⟨
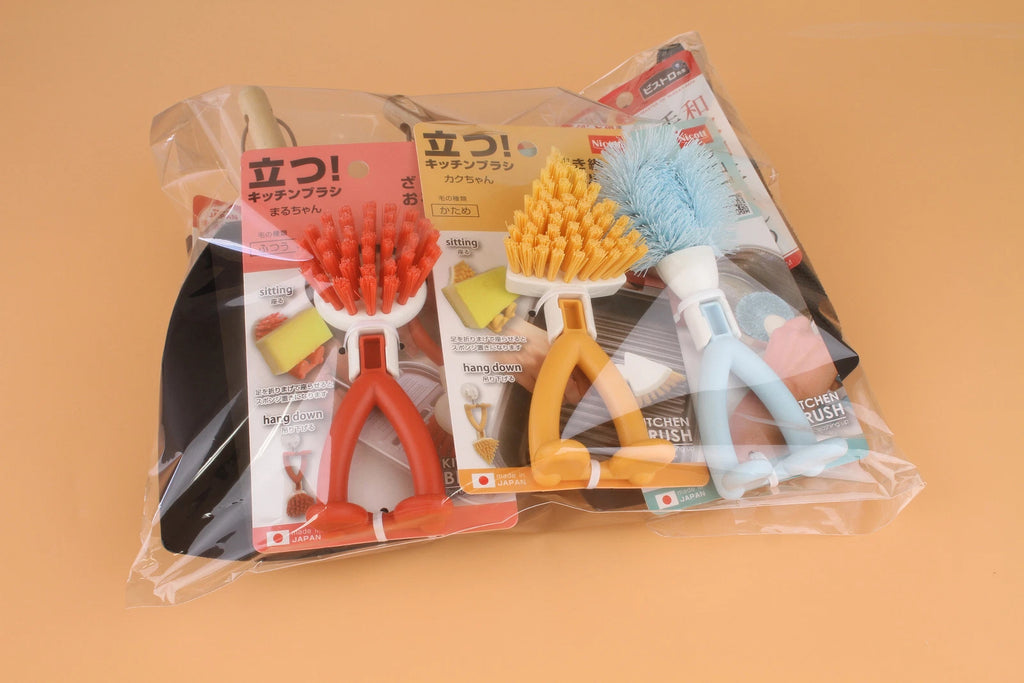 SANBELM Japanese Cleaning Set Broom Dustpan Brushes 3Pcs Glove Scrubbers 5 Pcs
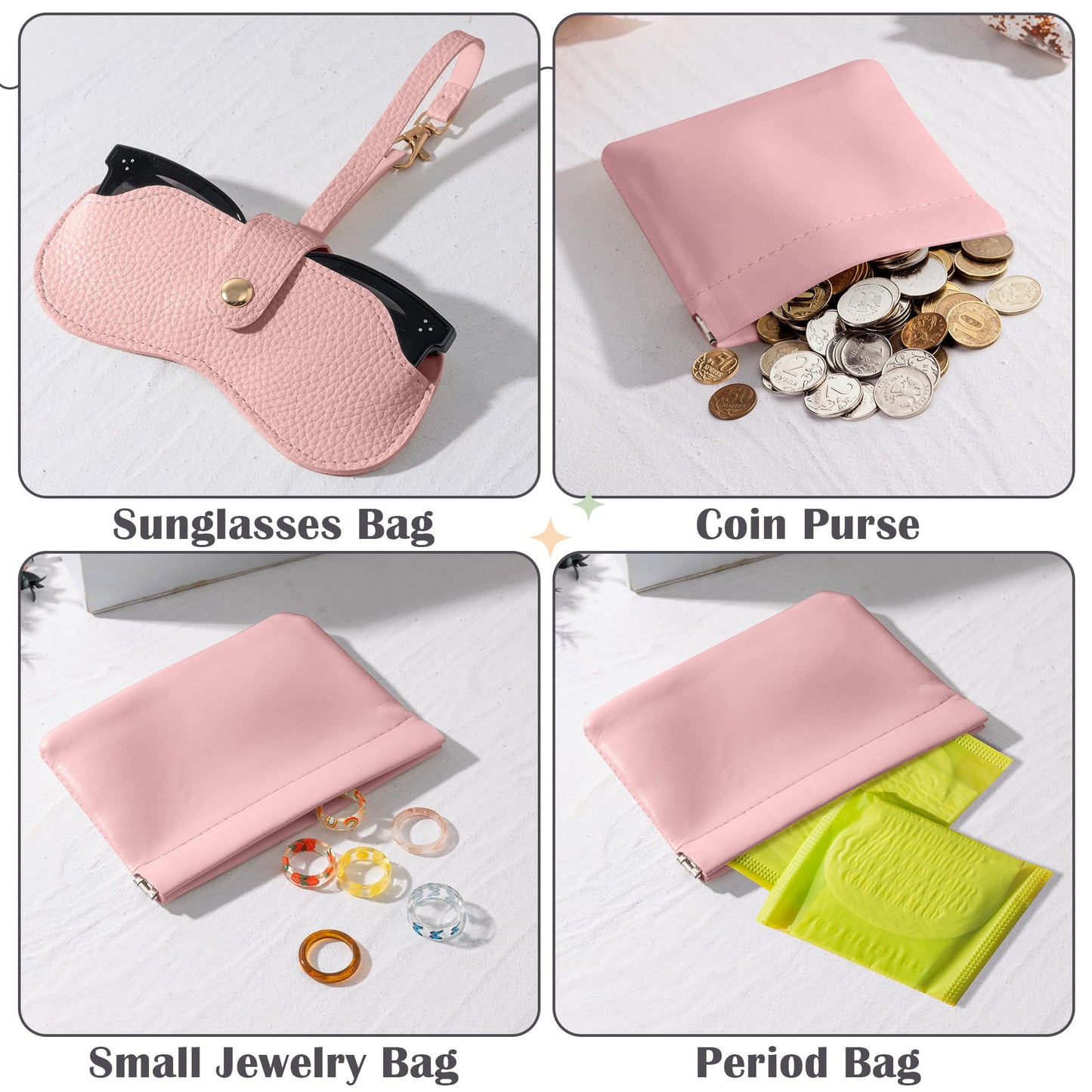 GQIRIL Mini Travel Cosmetic Bag Set 3PCS Waterproof Leather Pink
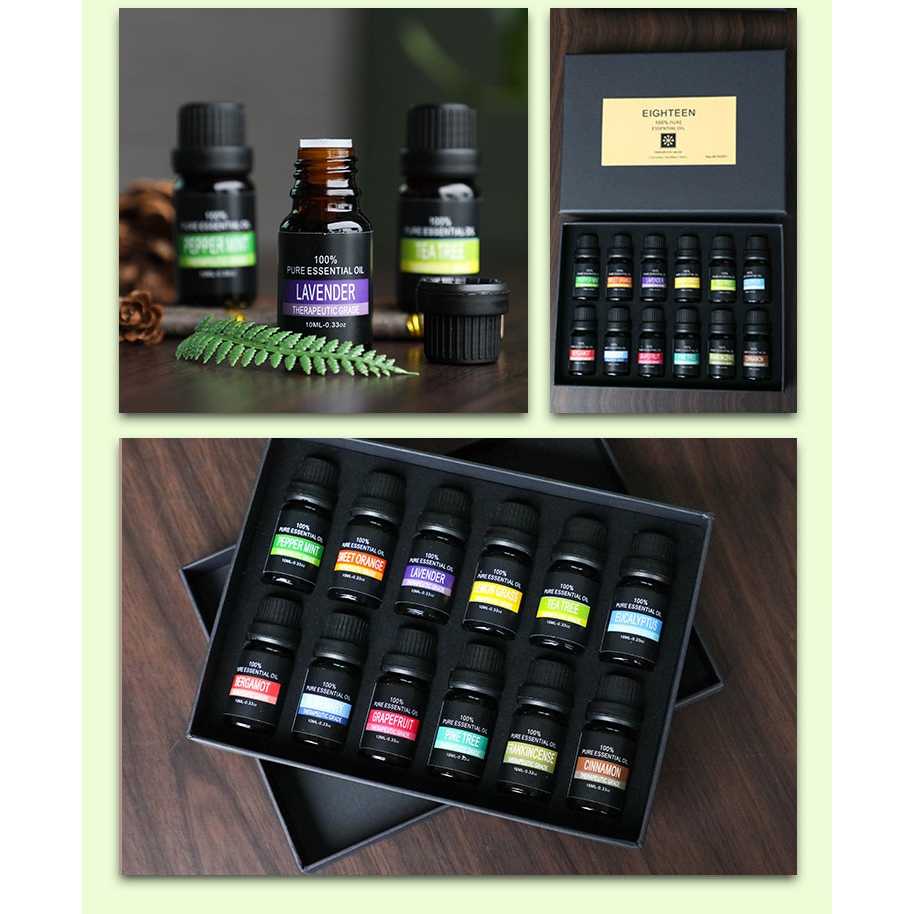 Eighteen Pure Essential Fragrance Oils Minyak Aromatherapy 10ml 6PCS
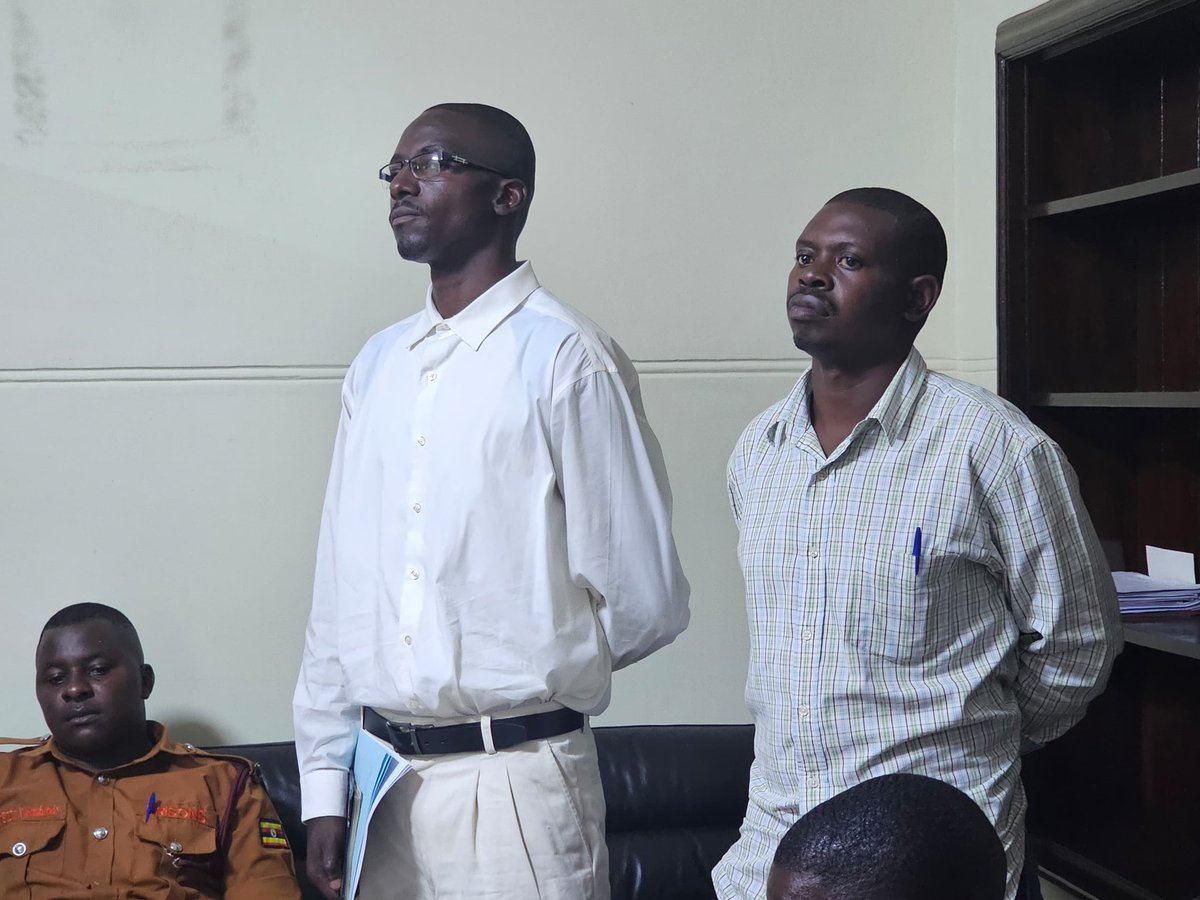 GalaxyFMUg's tweet photo. John Bosco Mugisha, alias Mukiga, and his alleged accomplice, Aloysius Tamale (Young Mulo) are back in court for sentencing.

They are accused of killing Derrick Muwonge Mulindwa , a boda boda rider, in Kakeeka Zone, Rubaga, on 29, June, 2019.

#ZzinaUpdates https://t.co/S5Ni6UqXCi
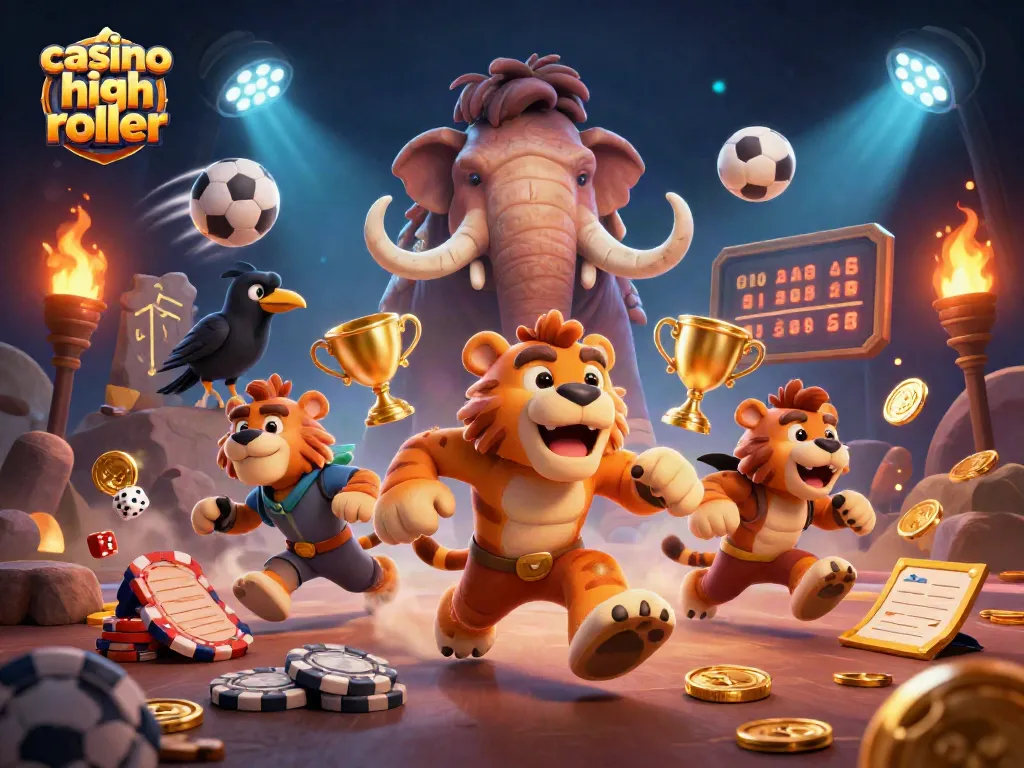 Experience thrilling action in a casino high roller setting with a dynamic 3D caveman and sabertooth duo.
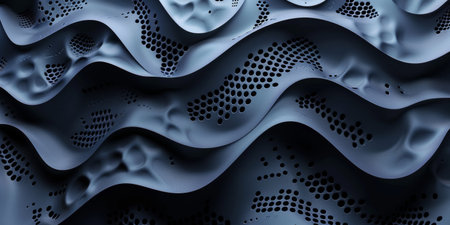 A blue wave with holes in it. The holes are in the shape of a snake. The wave is made of a material that looks like it is made of metalの素材
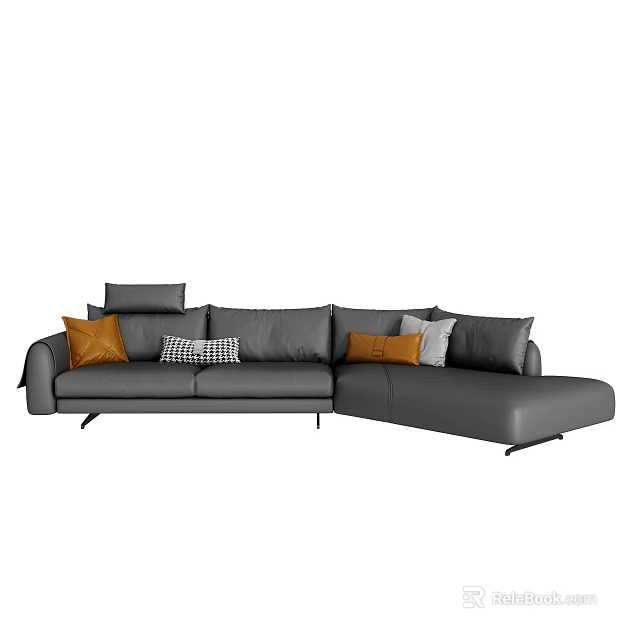 Gray L shaped Sectional Sofa with Orange and Checkered Decorative Cushions 3d model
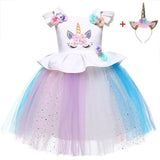 Unicorn Dress Infant Party Dress For Baby Girl 1 Year Birthday Dress Kids Baby Girls Christening Dress Newborn Carnival Costume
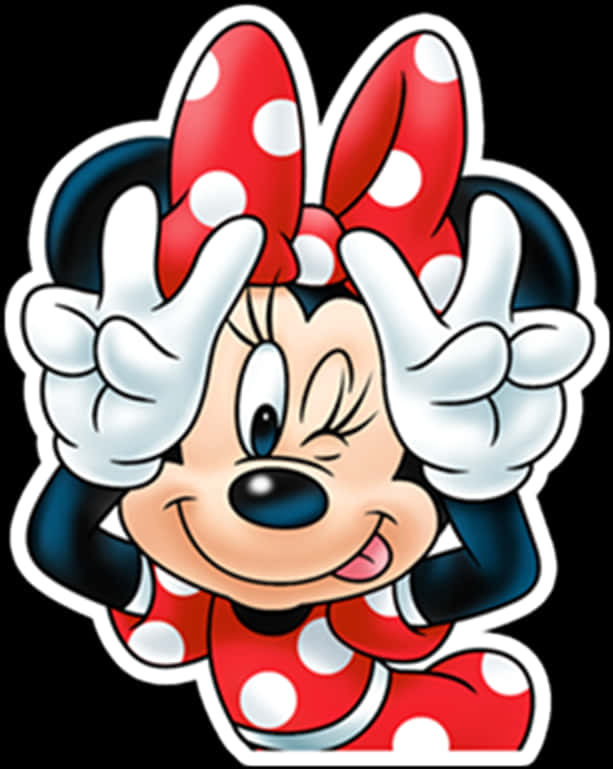 Minnie Mouse Winking Graphic PNG Image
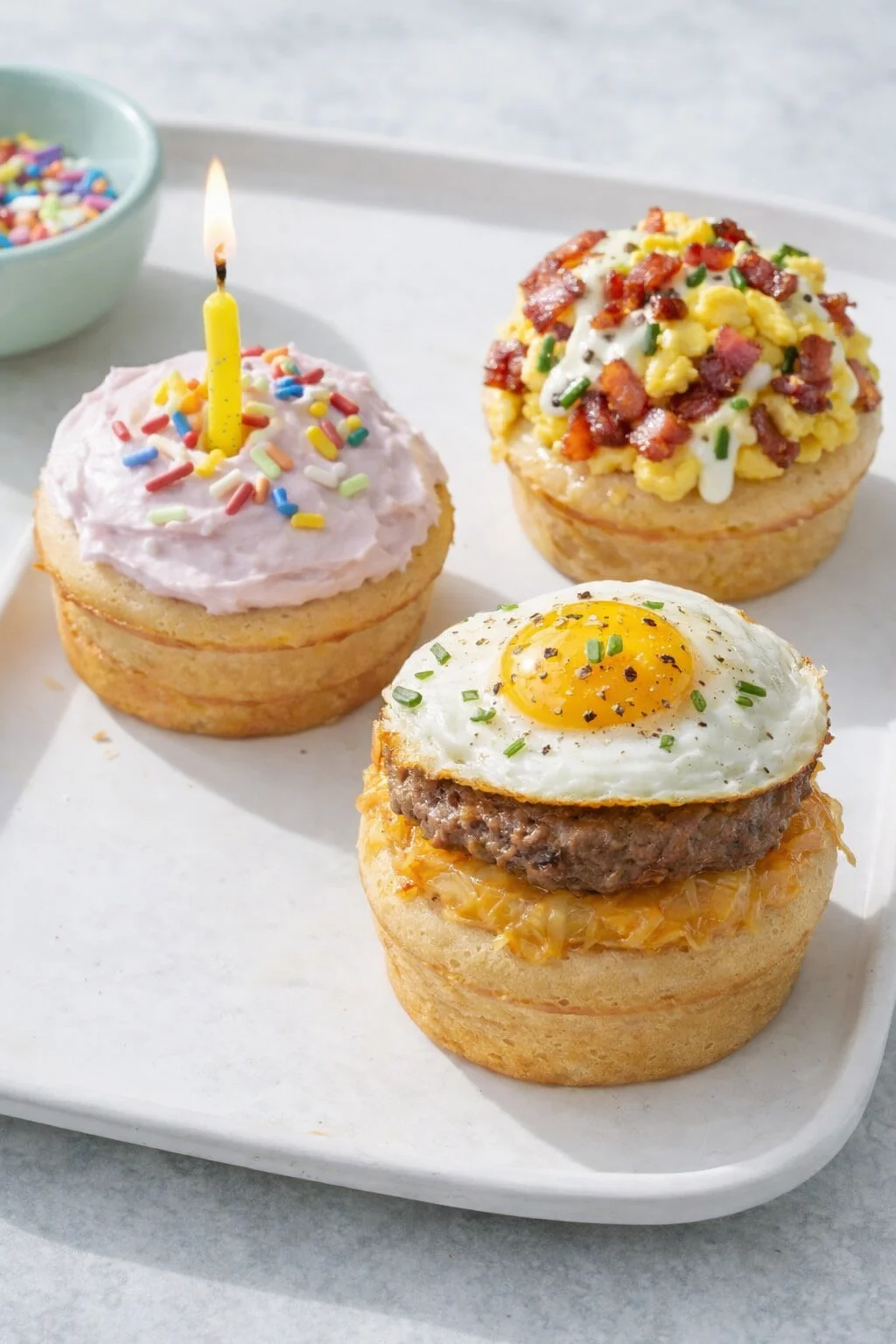 Variation ideas for Breakfast Cupcakes shown in a styled layout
⟩
_Task to complete_
Skip every picture and retype only the lines from the line with "#ZzinaUpdates https://t.co/S5Ni6UqXCi" through the last line of the listing, both ends included, exactly as they appear.

_Completed task_
#ZzinaUpdates https://t.co/S5Ni6UqXCi
 Experience thrilling action in a casino high roller setting with a dynamic 3D caveman and sabertooth duo.
 A blue wave with holes in it. The holes are in the shape of a snake. The wave is made of a material that looks like it is made of metalの素材
 Gray L shaped Sectional Sofa with Orange and Checkered Decorative Cushions 3d model
 Unicorn Dress Infant Party Dress For Baby Girl 1 Year Birthday Dress Kids Baby Girls Christening Dress Newborn Carnival Costume
 Minnie Mouse Winking Graphic PNG Image
 Variation ideas for Breakfast Cupcakes shown in a styled layout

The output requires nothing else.